=== Section Start ===

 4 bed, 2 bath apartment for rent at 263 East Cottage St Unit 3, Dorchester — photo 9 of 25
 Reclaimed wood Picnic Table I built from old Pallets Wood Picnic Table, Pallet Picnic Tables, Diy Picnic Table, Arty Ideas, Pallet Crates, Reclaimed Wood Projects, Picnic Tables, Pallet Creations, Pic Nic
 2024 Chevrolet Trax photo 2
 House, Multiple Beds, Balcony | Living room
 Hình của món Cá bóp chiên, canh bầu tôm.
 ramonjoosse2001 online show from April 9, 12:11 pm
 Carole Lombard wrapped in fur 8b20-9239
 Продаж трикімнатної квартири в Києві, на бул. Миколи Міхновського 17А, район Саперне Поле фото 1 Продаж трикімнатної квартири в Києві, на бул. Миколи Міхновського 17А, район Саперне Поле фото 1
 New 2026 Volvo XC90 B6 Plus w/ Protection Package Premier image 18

=== Section End ===

> WORK ORDER
Print the material once more, exactly as it appears.

> TASK OUTPUT
 4 bed, 2 bath apartment for rent at 263 East Cottage St Unit 3, Dorchester — photo 9 of 25
 Reclaimed wood Picnic Table I built from old Pallets Wood Picnic Table, Pallet Picnic Tables, Diy Picnic Table, Arty Ideas, Pallet Crates, Reclaimed Wood Projects, Picnic Tables, Pallet Creations, Pic Nic
 2024 Chevrolet Trax photo 2
 House, Multiple Beds, Balcony | Living room
 Hình của món Cá bóp chiên, canh bầu tôm.
 ramonjoosse2001 online show from April 9, 12:11 pm
 Carole Lombard wrapped in fur 8b20-9239
 Продаж трикімнатної квартири в Києві, на бул. Миколи Міхновського 17А, район Саперне Поле фото 1 Продаж трикімнатної квартири в Києві, на бул. Миколи Міхновського 17А, район Саперне Поле фото 1
 New 2026 Volvo XC90 B6 Plus w/ Protection Package Premier image 18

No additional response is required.